パナソニックとカナダのオクタジック(Octasic)は2020年9月17日、5Gとその高度化技術であるBeyond 5Gの共同開発で合意したと発表した。パナソニックはこれまでも、プライベートLTEなどに用いられているsXGP(shared eXtended Global Platform)向けにオクタジックの技術を活用してきたが、その共同開発の範囲を5Gに拡張することで、需要の高まるローカル5Gなどにも適用できるようになる。
今回の合意により、オクタジックの新世代SoC(System on Chip)「OCT3032」上に、両社のリソースと専門知識を掛け合わせ、5Gとその高度化技術を搭載した高信頼、低遅延および低消費電力の無線基地局プラットフォームを共同で開発することになる。これにより、B2Bや航空業界向け非地上ネットワーク、その他のミッションクリティカルな業界への適用を目指すという。
低遅延保証が求められる高度なIoT環境や非地上運用に貢献へ
パナソニックは、オクタジックのSoCに組み込まれた非同期マルチコアを最大限に活用するとともに、同社のLTE物理層ソフトウェアをsXGP向けに拡張することで、免許が不要な1.9GHz帯域など干渉が大きい環境でも安定した通信を実現するsXGPシステムを開発し、無人自動バレーパーキングシステムなどに利用してきた。

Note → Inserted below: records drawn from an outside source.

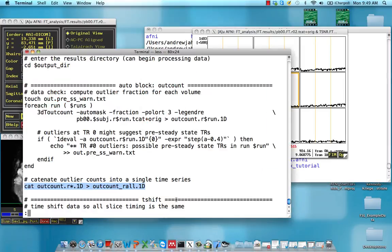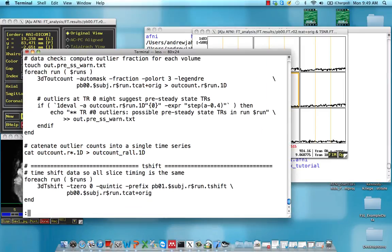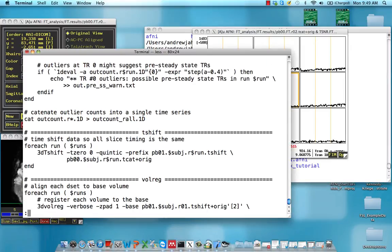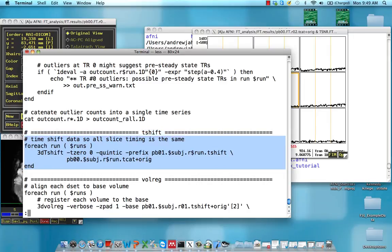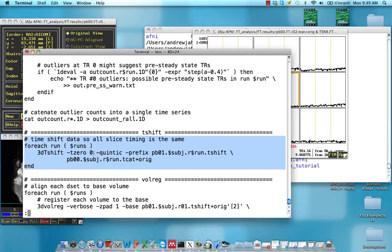If we look in our script here, this is the whole t-shift block. It's not very long, but what we have here is this 3D t-shift command, and it loops this over all the runs in our dataset. What this t-zero option means is to interpolate all the slices as though they were all acquired at the beginning of each TR.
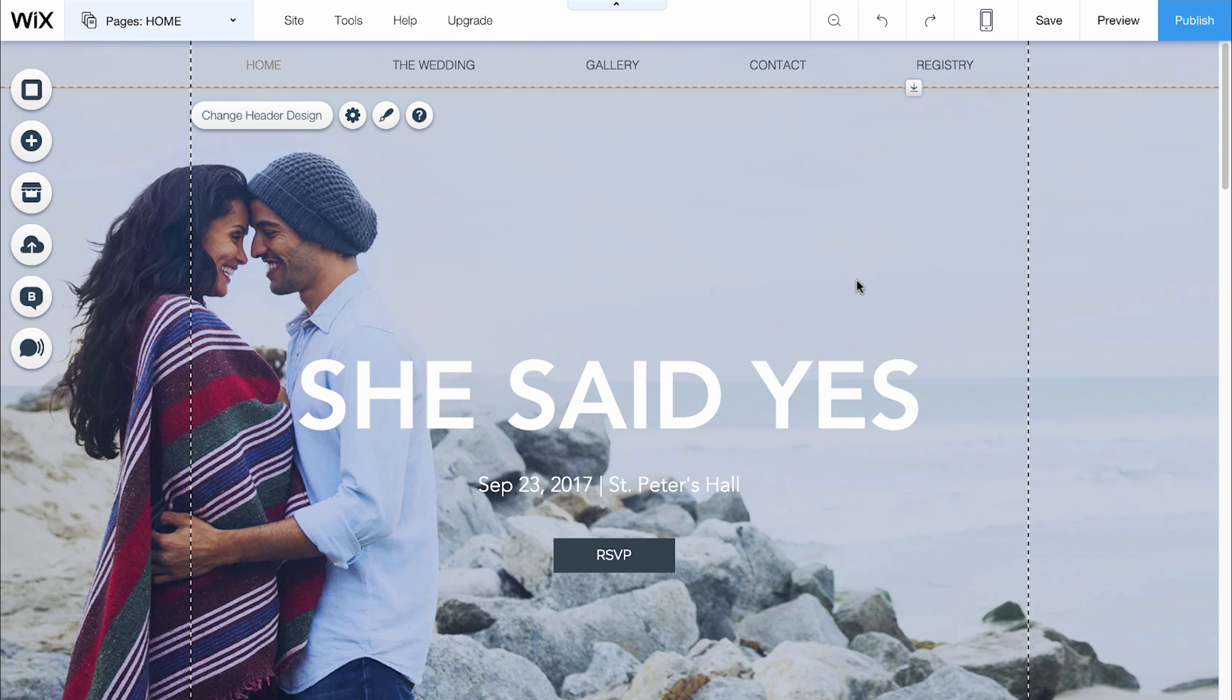Go to the Wix Editor and click Publish in the top right corner. It's the blue button right here.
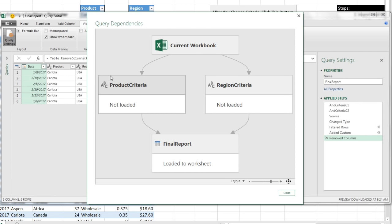That is pretty amazing. This is a relatively simple query, but if you had many queries dependent on each other, this Query Dependency View is amazing. All right, we'll see you next trick.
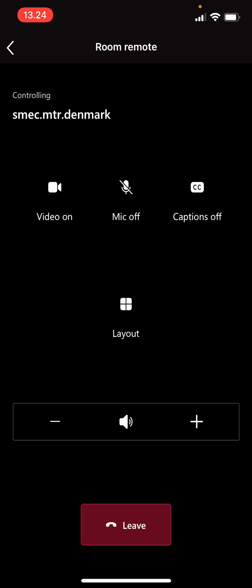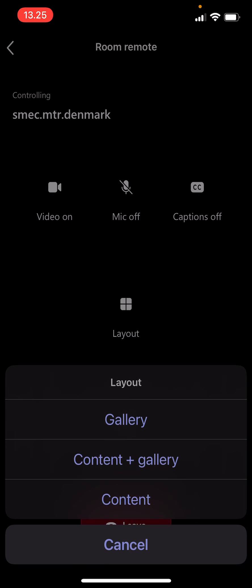So right now it's connecting to my Teams Rooms, and here I have the option of turning on and off the video, muting my microphone, turning off and on the captions. And I also have the option of changing the layout of the Teams Rooms.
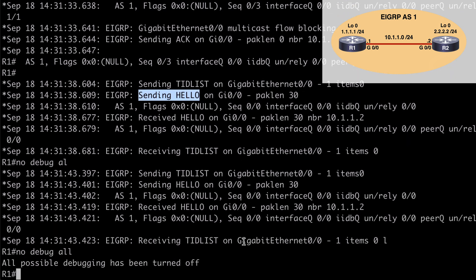There's lots of great information available in debugging — we can see backend processes as our EIGRP adjacencies form. Using a packet capture tool such as Wireshark would provide even deeper visibility than what we see with debugging. That's a look at EIGRP adjacencies. I hope you found this content useful, and thank you sincerely for watching.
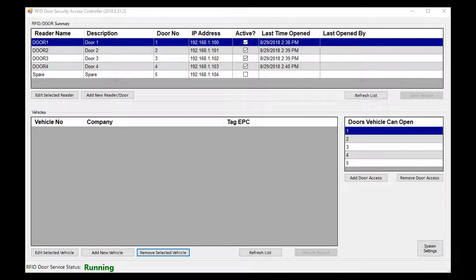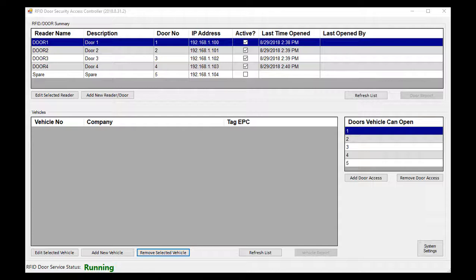Here we have things like the readers, the doors that they control, some technical information that we sometimes need for troubleshooting, whether or not the reader is active, and then some other information about the last time a door was opened and by whom.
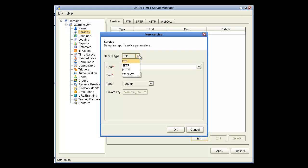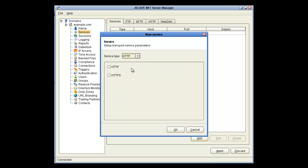Click on Add, and you'll notice you can add SFTP, HTTP, or WebDAV. Click on HTTP, and then click on HTTP again, and then OK.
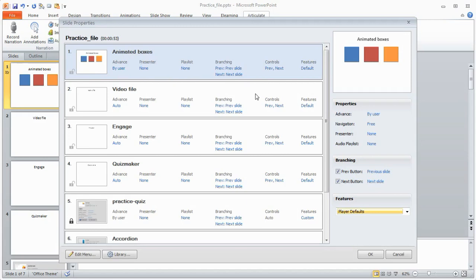And then you can edit the menu as well, and that's how you would hide or change the structure of the slides. And we'll look at that in the next tutorial.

これまでの取り組みに加えて、5Gとその高度化技術に向けて、両社は互いに得意な技術を掛け合わせ、特に低遅延保証が求められる高度なIoT(モノのインターネット)環境や、非地上運用に貢献する無線基地局プラットフォームの共同開発を進める。オクタジックのオープンでプログラマブルなプロセッサプラットフォームは、独自の非同期マルチコアが特徴であり、パナソニックの無線基地局開発における高性能、低消費電力、ソフトウェアによる拡張性の要件を満たすとしている。
パナソニックは、移動通信技術分野における豊富な技術資源をオクタジックに提供し、迅速に3GPP準拠の超信頼性低遅延通信(UR-LLC:Ultra-Reliable and Low Latency Communications)機能の開発や非地上通信ネットワーク技術の開発を進める。両社は相互にビジネス展開ができるプラットフォームを構築しながら、社内外の実証を通じてさまざまなIoTアプリケーションの検証を行い、パナソニック自身と顧客企業のデジタルトランスフォーメーションを加速する方針だ。
5Gは高速大容量通信だけでなく、多数同時接続、超低遅延という3つの特徴を有しており、あらゆるモノ・人などを安全に低コストでつないで、企業のビジネス構造のDX(デジタルトランスフォーメーション)を加速させるといわれている。日本国内では、企業や自治体などが個別のニーズに応じて敷地内で柔軟に自営の5Gネットワークを構築できるローカル5Gの制度も整備され、通信キャリア向けだけにとどまらない柔軟な機能を持った5G対応の無線基地局のソリューションの登場が期待されている。